The concentrations of different ambient air pollutants were measured at a fixed monitoring site representing urban background levels. The measurement site was located approximately one kilometre south of the Erfurt city centre and 30 m from the nearest major road. The measurement site was established especially for carrying out epidemiological studies,  and all measurements were conducted according to the SOP developed within the framework of previous studies .
Continuous UFP counts, accumulation mode particle counts and fine particle mass (PM2.5, particles < 2.5 μm diameter) were measured with a Mobile Aerosol Spectrometer (MAS). The MAS, described previously  consisted of two different commercially available instruments covering different size ranges. Particles in the size range from 0.01 μm to 0.5 μm were measured using a differential mobility particle sizer (DMPS). Particles in the size range from 0.1 μm up to 2.5 μm were classified by an optical laser aerosol spectrometer (LAS).
Mass concentration of PM10 data was collected by the tapered element oscillating microbalance method (TEOM 1400a) and continuous data on elemental and organic carbon (EC, OC) were measured with an ambient carbon monitor (ACM 5400) (Rupprecht & Patashnick, Co., Inc., Albany, NY, USA). Data on meteorological variables for this period as well as concentrations of gaseous air pollutants were collected from existing networks.
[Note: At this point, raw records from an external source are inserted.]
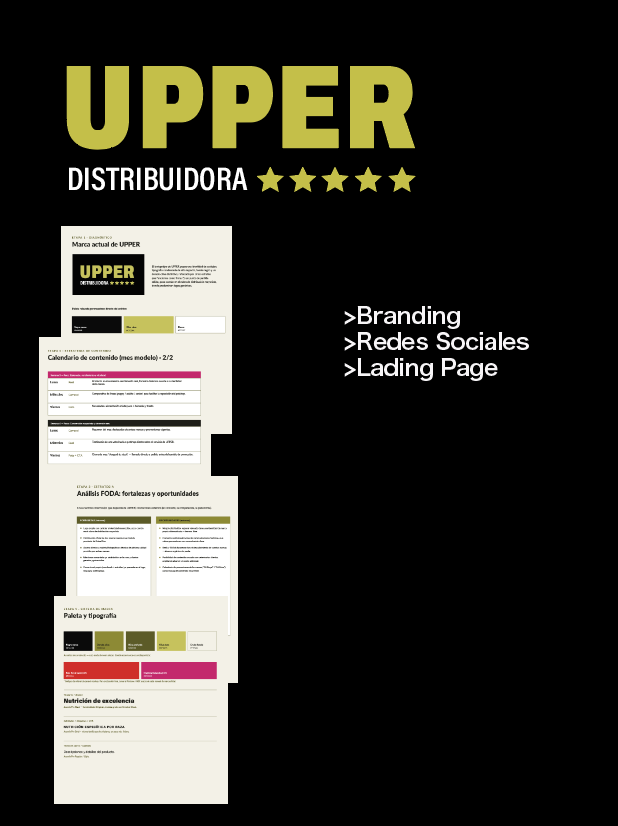 Sistema de branding de Upper Distribuidora: logo, calendario de contenido, análisis FODA y paleta tipográfica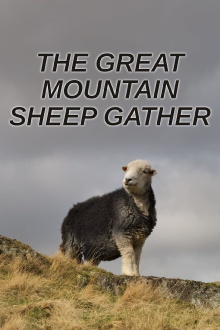 The Great Mountain Sheep Gather Trailer
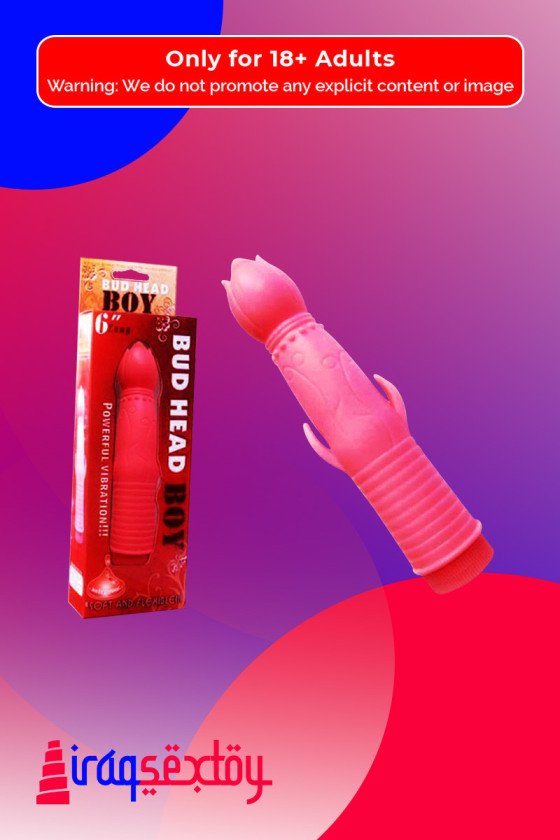 Bud Head Boy Fun Vibrator FV-001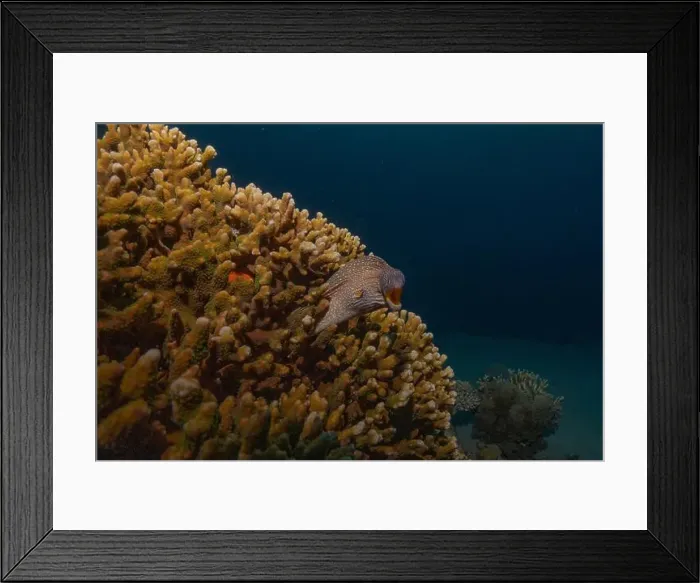 Framed Print : Moray eel Mooray lycodontis undulatus in the Red Sea, Eilat Israel Framed Print : Moray eel Mooray lycodontis undulatus in the Red Sea, Eilat Israel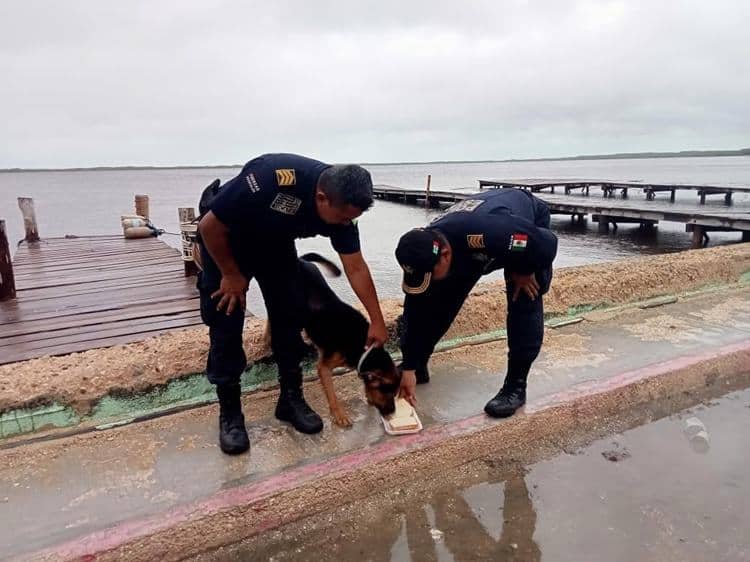 Rescatan a perrito amarrado al muelle de Río Lagartos, en Yucatán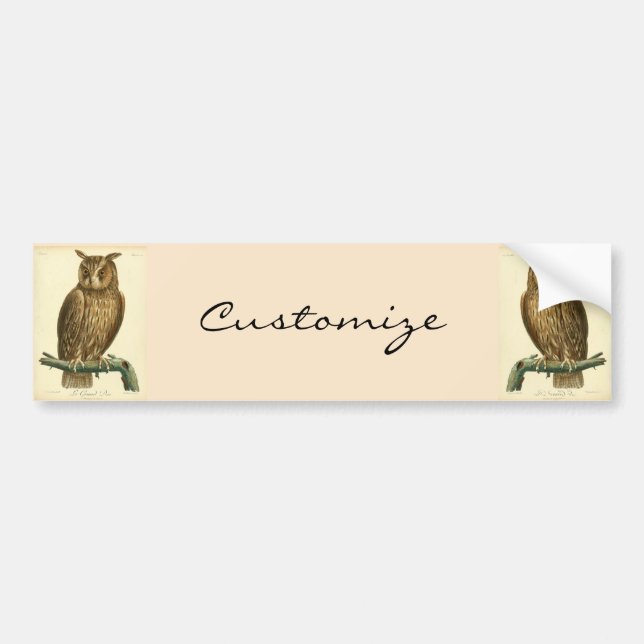 Great Horned Owl Thunder_Cove Autoaufkleber (Vorne)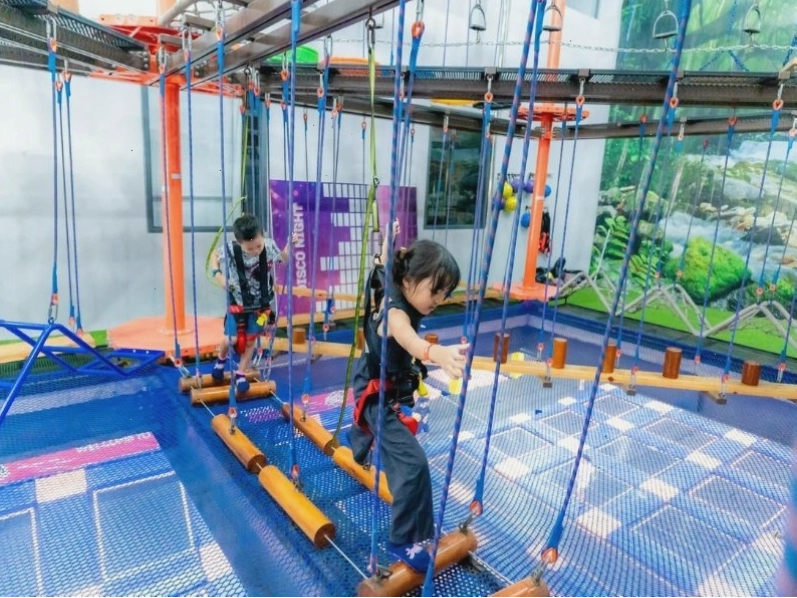 Cảnh quan cây xanh trong công viên
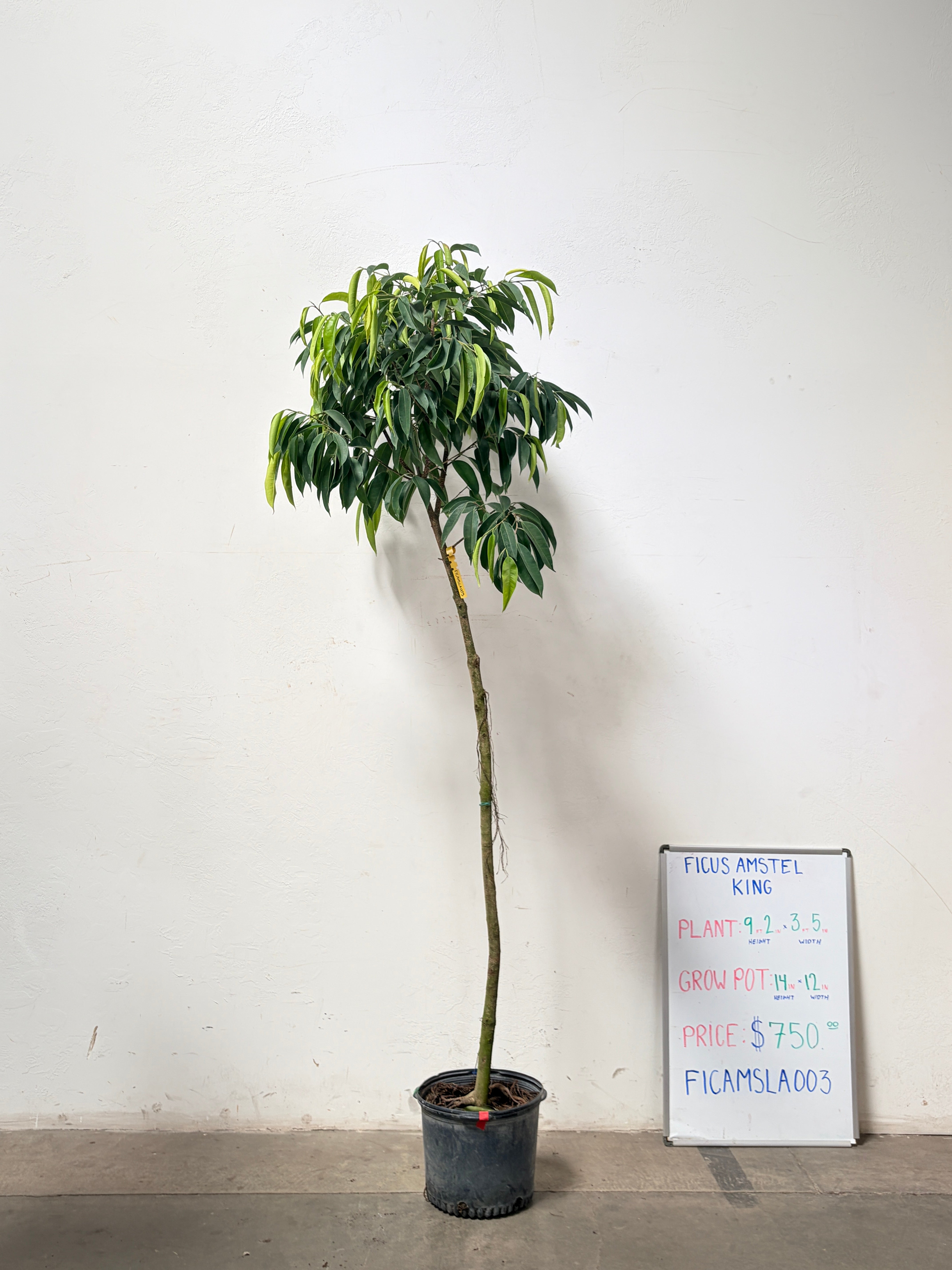 Ficus Amstel FICAMSLA003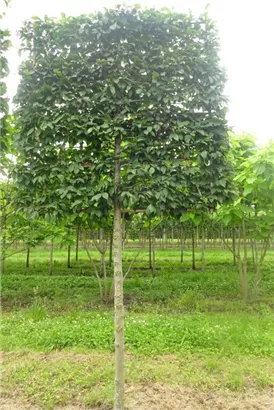 Hainbuche 'Lucas' - Carpinus betulus 'Lucas' - Formgehölze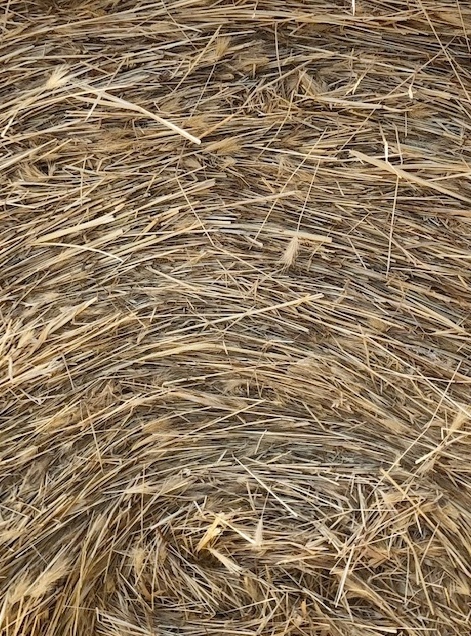 500 x Pasture Hay 5x4 Round Bales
Missing values in the ambient particle pollutants UFP and PM2.5 between 20th of January and 13th of February 2001 and one missing day (31st of March 2001) in the meteorological variables of temperature and relative humidity were either imputed by a linear regression model (UFP) or replaced based on corrected concurrent measurements with other devices (PM2.5, temperature, relative humidity). The squared multiple correlation for the UFP regression models was 0.96.
For each person five individual periods covering 24-hour averages of pollutants were calculated if more than 2/3 of the hourly measurements were available for this period. We used the 24 hours immediately preceding each clinical visit (lag 0), the period 24 to 47 hours (lag1) up to day 5 prior to the visit (lags 2 to 4) and 5-day running means to measure cumulative effects.
Generalized additive models including pollutant and confounder variables were used for fixed effects regression with individual intercepts for each patient. Long-term time trend, weekday of the visit and the meteorological parameters air temperature, relative humidity and barometric pressure, each with lag 0 to lag 3, were considered as potential confounders. As the visits took place in two week intervals, we assumed that no adjustment was necessary for autocorrelation in the pollution data and most of the blood markers. For the erythrocytes, which have a longer half life, sensitivity analyses were conducted to check for autocorrelation. Eight patients who showed an indication for autocorrelation for erythrocytes were excluded and the reduced dataset was re-analysed.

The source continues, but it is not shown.